The pools were simulated corresponding to the conditions depicted in Figure 1 and with equal numbers of match/mismatch pairs. For example, in the unimodal condition, we simulated two cases: match (V1–V1) and mismatch (V1–V2). Because the network is symmetric, we did not distinguish between the visual and the auditory regime. We simulated five conditions: unimodal, bimodal, cross-modal, concordant, and discordant, analogously to the behavioral experiments. For the discordant condition, we only simulated match trials because mismatch trials were omitted in the behavioral experiments (see above).

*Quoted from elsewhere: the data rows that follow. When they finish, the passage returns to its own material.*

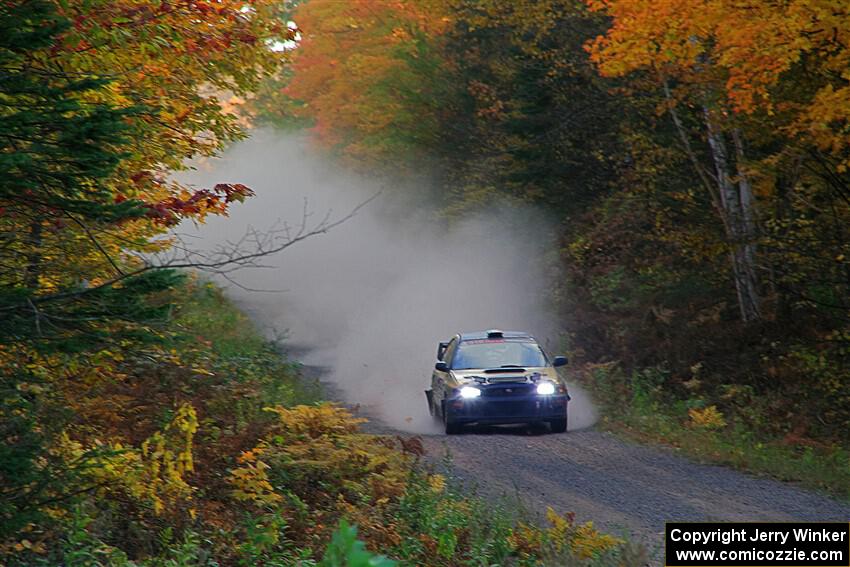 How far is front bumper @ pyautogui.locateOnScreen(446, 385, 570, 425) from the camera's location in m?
18.1

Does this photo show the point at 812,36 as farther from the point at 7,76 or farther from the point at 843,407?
the point at 7,76

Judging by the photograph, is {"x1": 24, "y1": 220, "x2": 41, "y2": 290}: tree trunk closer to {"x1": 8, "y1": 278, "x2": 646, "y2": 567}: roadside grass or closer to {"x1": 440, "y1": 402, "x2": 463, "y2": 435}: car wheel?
{"x1": 8, "y1": 278, "x2": 646, "y2": 567}: roadside grass

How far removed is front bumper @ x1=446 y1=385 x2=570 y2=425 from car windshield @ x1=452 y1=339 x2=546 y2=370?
3.63ft

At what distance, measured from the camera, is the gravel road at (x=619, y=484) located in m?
11.7

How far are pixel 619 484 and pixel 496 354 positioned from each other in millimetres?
6106

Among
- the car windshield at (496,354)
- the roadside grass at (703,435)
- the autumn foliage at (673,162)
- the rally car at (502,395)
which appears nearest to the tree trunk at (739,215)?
the autumn foliage at (673,162)

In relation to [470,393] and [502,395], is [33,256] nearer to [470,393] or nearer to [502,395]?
[470,393]

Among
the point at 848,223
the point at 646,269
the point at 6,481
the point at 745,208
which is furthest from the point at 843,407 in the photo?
the point at 6,481

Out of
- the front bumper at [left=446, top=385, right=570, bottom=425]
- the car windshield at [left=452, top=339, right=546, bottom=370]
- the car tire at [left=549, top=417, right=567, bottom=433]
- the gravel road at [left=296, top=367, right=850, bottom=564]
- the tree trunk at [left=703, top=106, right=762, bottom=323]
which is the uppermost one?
the tree trunk at [left=703, top=106, right=762, bottom=323]

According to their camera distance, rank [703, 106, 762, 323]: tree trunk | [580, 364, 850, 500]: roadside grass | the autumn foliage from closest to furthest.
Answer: [580, 364, 850, 500]: roadside grass → the autumn foliage → [703, 106, 762, 323]: tree trunk

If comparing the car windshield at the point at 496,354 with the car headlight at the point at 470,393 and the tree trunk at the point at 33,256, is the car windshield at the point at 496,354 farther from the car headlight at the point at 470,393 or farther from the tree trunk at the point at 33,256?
the tree trunk at the point at 33,256

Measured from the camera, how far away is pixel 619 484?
44.8ft

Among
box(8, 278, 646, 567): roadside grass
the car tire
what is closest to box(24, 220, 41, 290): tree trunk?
box(8, 278, 646, 567): roadside grass

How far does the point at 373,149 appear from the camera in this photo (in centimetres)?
4572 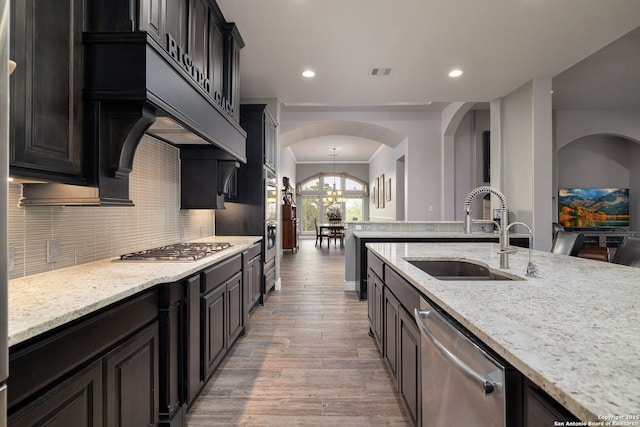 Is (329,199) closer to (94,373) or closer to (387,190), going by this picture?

To implement a measure for matching stimuli in the paradigm, we compared the end of the delay period and the end of the match period (as indicated by the gray bars in Figure 3). We counted a trial as a match when the presentation of the match stimulus slightly increased the firing rate of the pool associated with the sample stimulus, that is, if the average firing rate of period P2 was higher than the one of period P1 (Figure 3). The selective pool should already be activated at a high level due to the presentation of the sample. We counted a trial as a mismatch if the firing rate in period P2 was lower than in period P1 or the difference between the two periods was very high (above 50 Hz). This indicates that the pool associated with the sample stimulus was not activated before and, therefore, no matching could occur. This might occur due to an altered perception (such as in the integration paradigm). If a mismatch stimulus is presented, the activity will decrease slightly because activation of another population will cause an indirect inhibition. We simulated for each condition 100 match and 100 mismatch trials.
In the following we first will briefly describe the results of Schmid and Ziegler (2006), before we present the new behavioral results of the integration paradigm.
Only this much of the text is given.